Course Announcement: "Conceptual Foundations of Statistical Learning" (36-465/665, Spring 2021)
Three-Toed Sloth 2020-11-25
Summary:
Attention conservation notice: Self-promoting notice of a class at a university you don't attend, on an arcane subject you're not that interested in, presuming background you don't have.
Coming terrifyingly soon:
- Conceptual Foundations of Machine Learning (36-465/665), Spring 2021
- Description: This course is an introduction to the core ideas and theories of statistical learning, and their uses in designing and analyzing machine-learning systems. Statistical learning theory studies how to fit predictive models to training data, usually by solving an optimization problem, in such a way that the model will predict well, on average, on new data. The course will focus on the key concepts and theoretical tools, at a mathematical level accessible to students who have taken 36-401, "modern regression" (or equivalent) and its pre-requisites. The course will also illustrate those concepts and tools by applying them to carefully selected kinds of machine learning systems (such as kernel machines).
- Time and place: Tuesdays and Thursdays 2:20--3:40 pm, Pittsburgh Time, via Zoom
- Pre-requisites: Undergraduates taking the course as 36-465 must have a C or better in 36-401. Graduate students taking it as 36-665 are expected to have similar background in the theory and practice of linear regression models, linear algebra, mathematical statistics, probability, and calculus in multiple variables.

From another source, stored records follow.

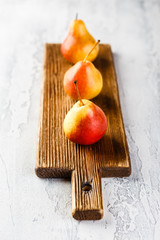 Wall Mural - Fresh bio pears on the grey background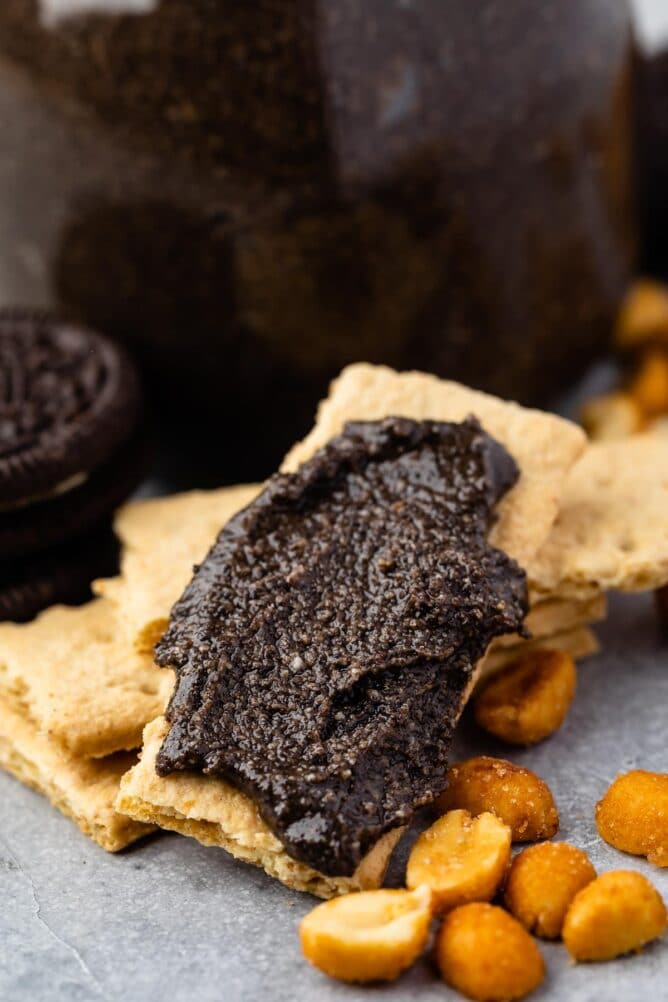 Oreo peanut butter spread onto a graham cracker with jar in background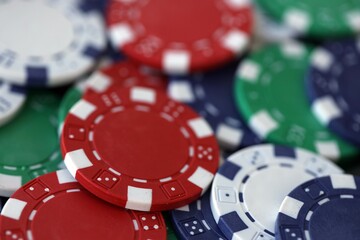 Close up of a group of casino chips on a green mat for poker or dice games indoors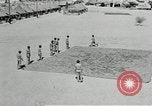 Image of folding a camouflage flat net United States USA, 1942, second 20 stock footage video 65675068405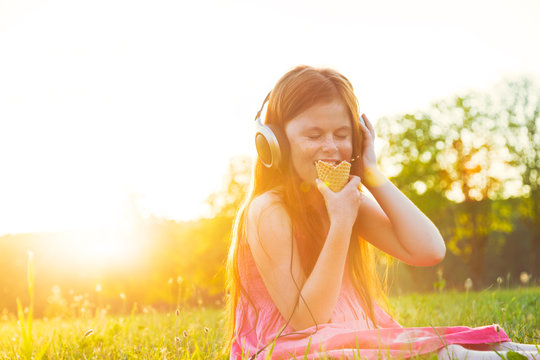 girl eating ice cream and listening to music in headphones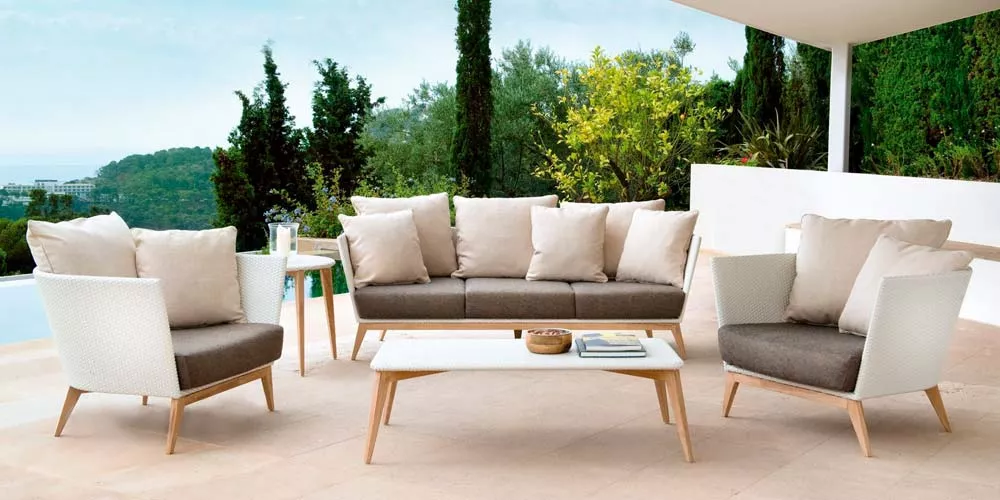 Arc Outdoor Loungegruppe von Point in Weiß und Braun auf einer Terrasse mit Blick auf grüne Landschaft und Pool.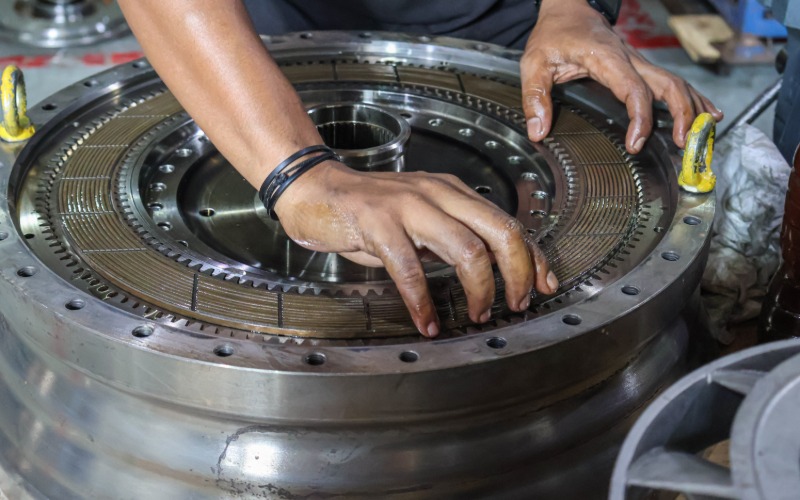 A close-up of a pair of hands installing a clutch disc into a disconnected automatic car transmission.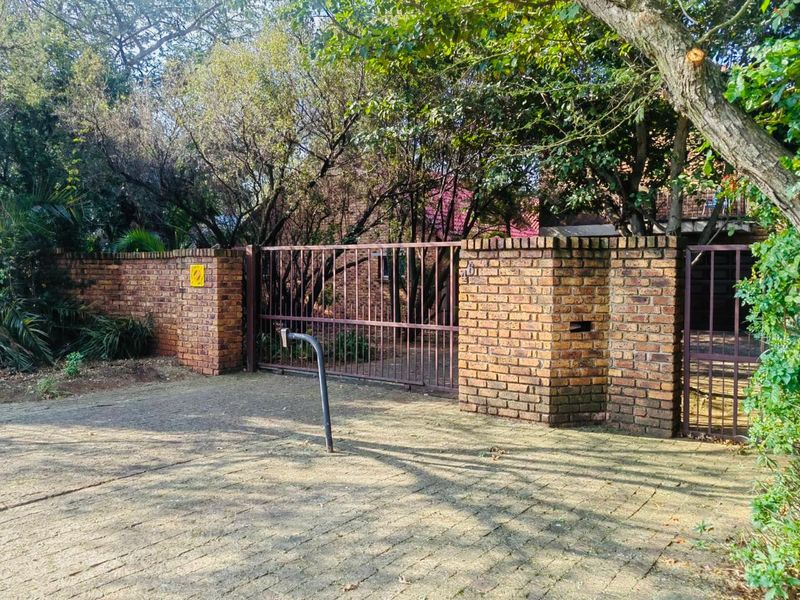 Front entrance featuring a paved driveway, brick boundary wall, and metal security gates, surrounded by mature trees and established garden greenery.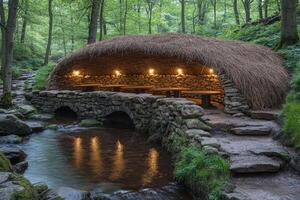 Illuminated Stone Shelter Bridge Over Forest Stream photo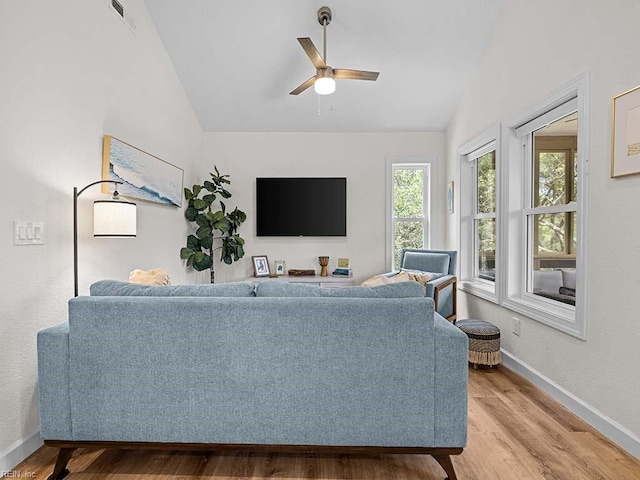 living room with ceiling fan, vaulted ceiling, and light wood-type flooring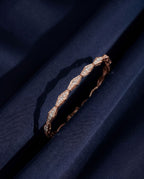 Solid gold bracelet of faceted rhombus links pavé-set with small round lab-grown diamonds, shown on a plain ground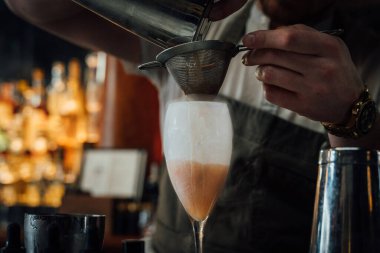 Kehribar rengi karışımı sıvılarla dolu süslü cam bitters kavanozu. Karmaşık oymalı tasarımlar içeriyor. Parlak bir ahşap çubuk yüzeyine kurulmuş bu resim, kalıtım karışımı ve zanaatkar içki sanatını vurgular..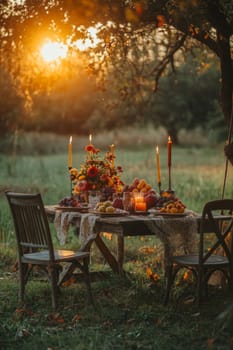 A very beautifully set table in nature, in a cozy autumn garden. High quality photo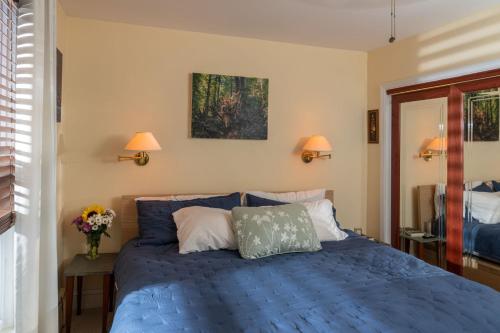 a bedroom with a blue bed and two lamps at Forest City Oasis and Spa in South Portland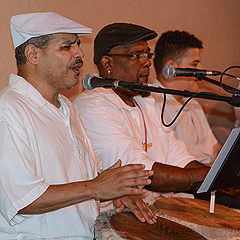 Three Cuban men playing drums and singing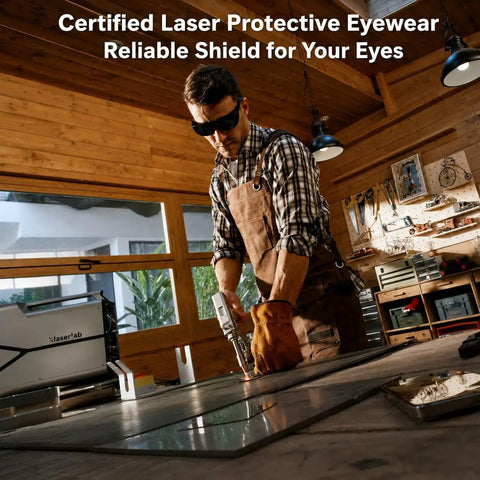 Man wearing Shop Ready Laser Safety Glasses Featuring Od6 Plus And Od7 Plus Filters while cutting metal in workshop.
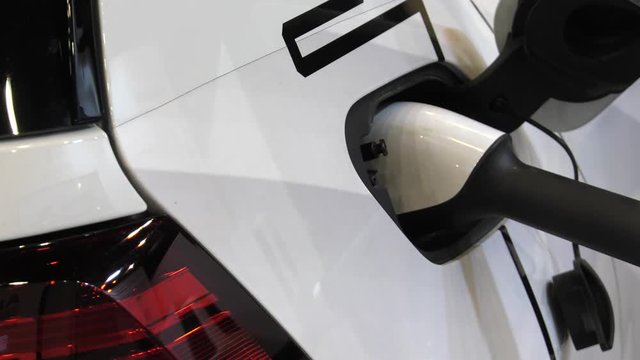 Modern electric vehicle charging station. 4K, UHD, 50p, Cinematic,Closeup, 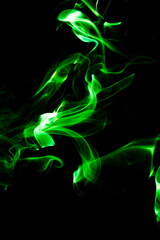 Green smoke on black background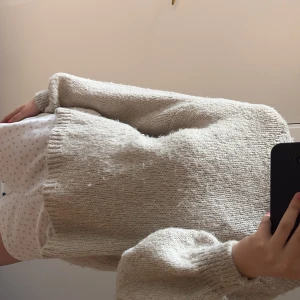 Beige stickad tröja - Mysig beige stickad tröja med lång ärm och avslappnad passform. Tröjan har ribbade muddar vid ärmslut och nederkant, perfekt för lager-på-lager-stil. Enkel och stilren design som passar till mycket.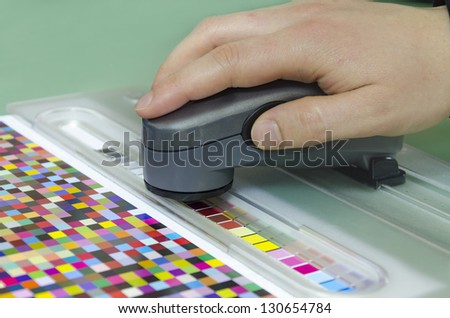 spectrophotometer verify color patches on Test Arch, Press shop prepress department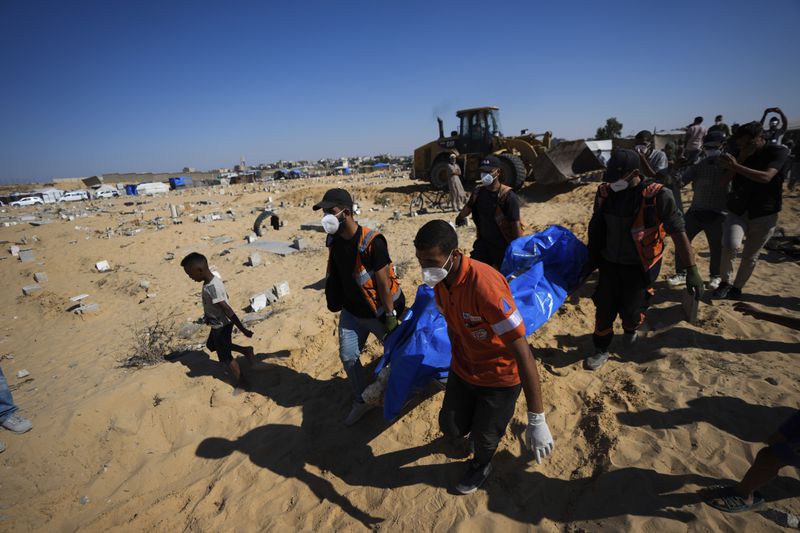 People bury the bodies of Palestinians taken by the Israeli military during operations in Gaza and returned this week, in Khan Younis, Gaza Strip, Thursday, Sept. 26, 2024. (AP Photo/Abdel Kareem Hana)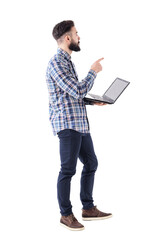 Young adult stylish business man with laptop pointing finger at presentation looks up. Full body isolated on transparent background.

- Topics in brief (subject to revision): Prediction as a decision problem; elements of statistical decision theory; "risk"; "probably approximately correct"; optimizing on training data; the origins of over-fitting; deviation inequalities; uniform convergence and concentration inequalities; measures of model complexity (Rademacher complexity, VC dimension, etc.); "algorithmic stability" arguments; optimizing noisy functions; regularization and its effects on model complexity; model selection; kernel machines; random-feature machines; mixture models; and some combination of stochastic-process prediction, sequential decision-making/reinforcement learning, and low-regret ("on-line") learning.
- This course vs. alternatives: Students wanting exposure to a broad range of learning algorithms and their applications would be better served by other courses, especially 36-462/662 ("data mining", "methods of statistical learning"), 10-301/601 ("introduction to machine learning") or 10-701 ("introduction to machine learning" for Ph.D. students). This class is for those who want a deeper understanding of the underlying principles. It will mean a lot more math than coding, and it won't help you move up a leader-board, but it will help you understand the statistical reasons why learning machines work (when they do).
I have until classes begin on 1 February to figure out how I am actually going to make this happen.